The positions below are not caricatures. Each is presented as its own advocates would present it, drawing on the strongest available scholarship and the most natural readings of the passages they emphasise. If you hold one of these views, you should recognise your own position here. If you don't, we haven't done our job.
Trinitarian
What they believe
There is one God who eternally exists as three co-equal, co-eternal persons — Father, Son, and Holy Spirit — sharing one divine essence. Jesus is not a lesser divine being or an exalted human; he is fully God in the same way the Father is fully God. The distinction is relational (the persons are distinct), not ontological (they share the same being). The Son did not come into existence at any point — he is eternally begotten, not made.
Each component of this belief statement has been debated. For more information, see the Stanford Encyclopedia of Philosophy article on the Trinity. For definitions of key theological terms used on this page, see the glossary.
Varieties of Trinitarian thought
While all Trinitarians affirm one God in three persons, how they explain this has varied considerably. The main families of Trinitarian theology include:
Latin/Western Trinitarianism — Beginning with Augustine (5th century) and refined by Aquinas (13th century), this tradition starts from the unity of the divine essence and defines the persons as "subsistent relations" within that essence. The persons are distinguished by their relations of origin: the Father begets, the Son is begotten, the Spirit proceeds. This is the dominant tradition in Roman Catholic theology and much of Protestant scholasticism.
Eastern/Greek Trinitarianism — Developed by the Cappadocian Fathers (Basil, Gregory of Nazianzus, Gregory of Nyssa) in the 4th century, this tradition starts from the three distinct persons and explains their unity through shared essence and mutual indwelling (perichoresis). The Father is the "source" (monarchia) of the Trinity — the Son and Spirit derive from him — but all three share the same divine nature equally. This approach gives more weight to the distinctness of the persons than the Western model.
Social Trinitarianism — A modern approach (Moltmann, Plantinga, Swinburne) that models the Trinity as a community of three divine persons united in perfect love and mutual relationship. Critics charge that this risks tritheism — three Gods cooperating rather than one God — while advocates argue it best captures the relational language of the New Testament and the ethical implications of a God whose very being is communal.
Relational Trinitarianism — A broad contemporary movement (Zizioulas, LaCugna, Gunton) that draws on Eastern thought to argue that personhood is constituted by relationship. The persons of the Trinity are not "things" that happen to relate, but are defined by their relations. This approach has been influential in ecclesiology and theological anthropology.
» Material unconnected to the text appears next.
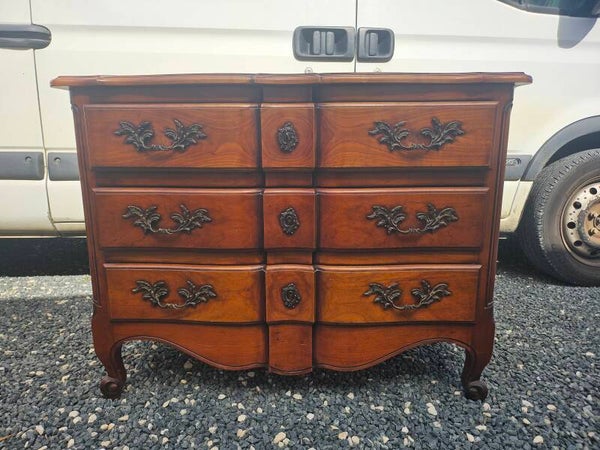 Commode 3 tiroirs avec clé.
These differences are not merely academic. Whether you start from the unity (Latin) or the persons (Eastern/Social) shapes how you read passages about the Father-Son relationship, how you understand subordination language, and what you consider the "problem" that Trinitarian theology is solving. For more, see How Trinitarian Arguments Have Changed.
Historical roots
Trinitarians see the theological development from the apostolic period to Nicaea as the church progressively articulating a truth that was implicit in the earliest Christian worship and proclamation. The worship of Jesus alongside the Father, the application of divine titles and functions to Christ, and the inclusion of Jesus within Jewish monotheistic devotion all pointed toward the formal articulation at Nicaea. While the concept of a triune Godhead with three co-equal, co-eternal persons (as stated in the section above) was not discussed until closer to the mid-fourth century, trinitarian historians tend to interpret the councils of Nicaea in 325 AD, Constantinople in 381 AD, and Chalcedon in 451 AD as not inventing a new doctrine, but giving more precise language to what Christians had believed and practised from the beginning.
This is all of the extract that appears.